Task directions: Your answer should be every line with the word "Dress", copied from the data below.

Extracted entries:
= = = =

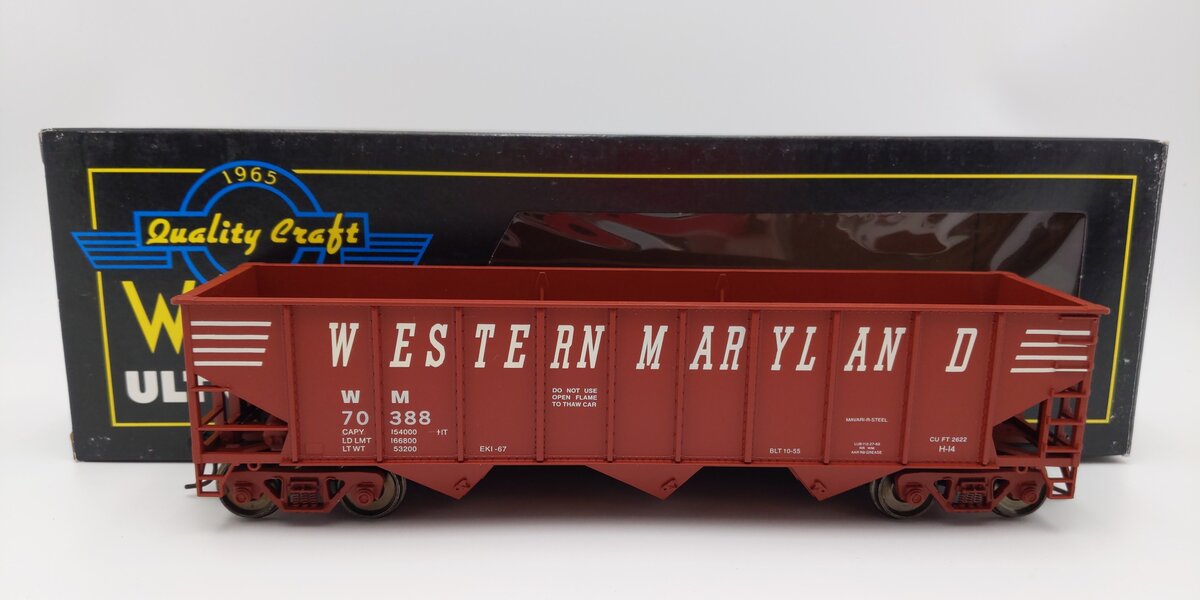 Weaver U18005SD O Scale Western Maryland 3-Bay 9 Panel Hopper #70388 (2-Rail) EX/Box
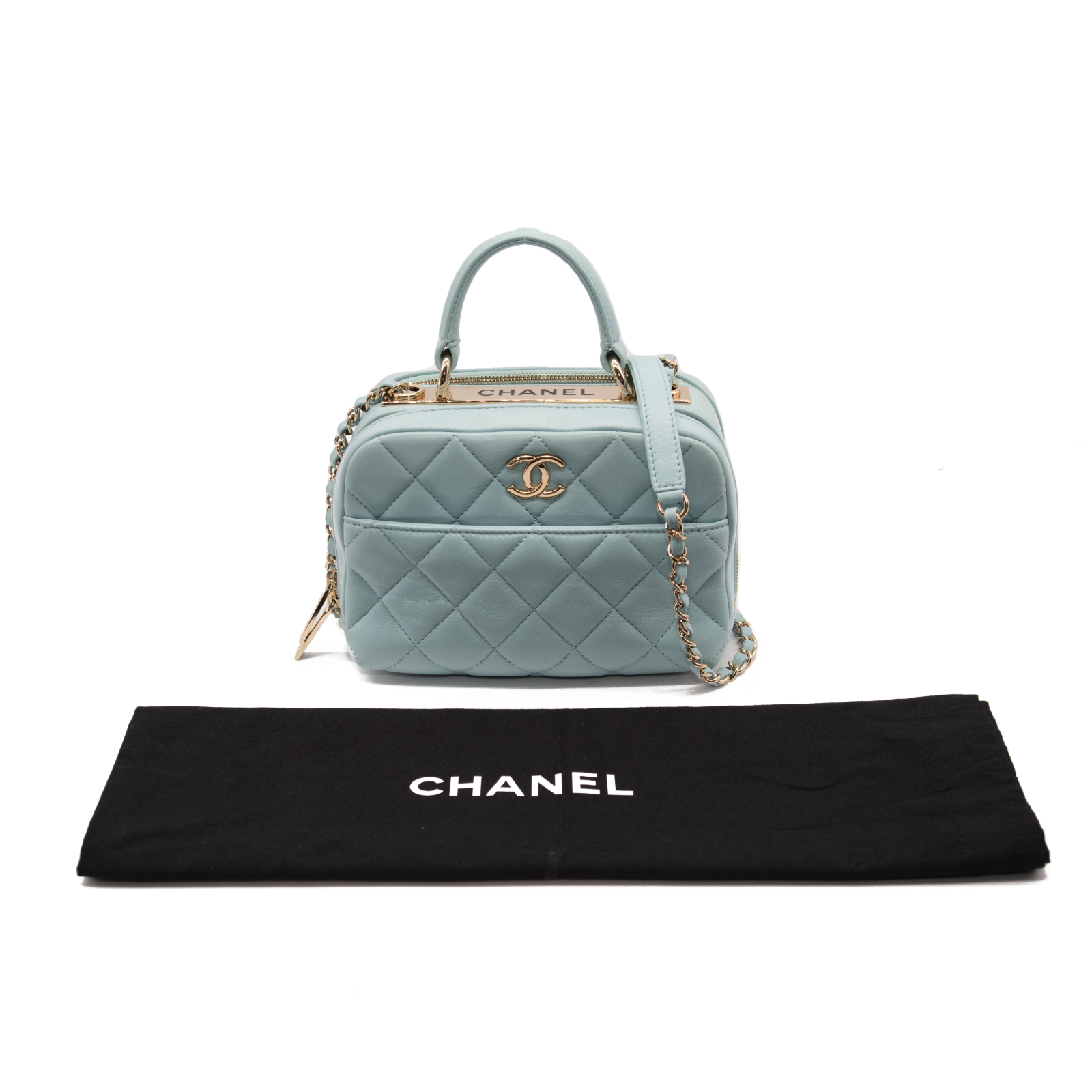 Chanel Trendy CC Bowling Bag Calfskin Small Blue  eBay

= = = =

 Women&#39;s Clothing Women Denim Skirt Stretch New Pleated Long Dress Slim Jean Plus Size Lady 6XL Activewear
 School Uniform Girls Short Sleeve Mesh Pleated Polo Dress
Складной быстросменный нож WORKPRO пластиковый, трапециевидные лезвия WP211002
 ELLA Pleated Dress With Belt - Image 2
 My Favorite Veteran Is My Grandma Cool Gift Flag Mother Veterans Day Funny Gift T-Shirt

= = = =

Answer to this problem:
 Women&#39;s Clothing Women Denim Skirt Stretch New Pleated Long Dress Slim Jean Plus Size Lady 6XL Activewear
 School Uniform Girls Short Sleeve Mesh Pleated Polo Dress
 ELLA Pleated Dress With Belt - Image 2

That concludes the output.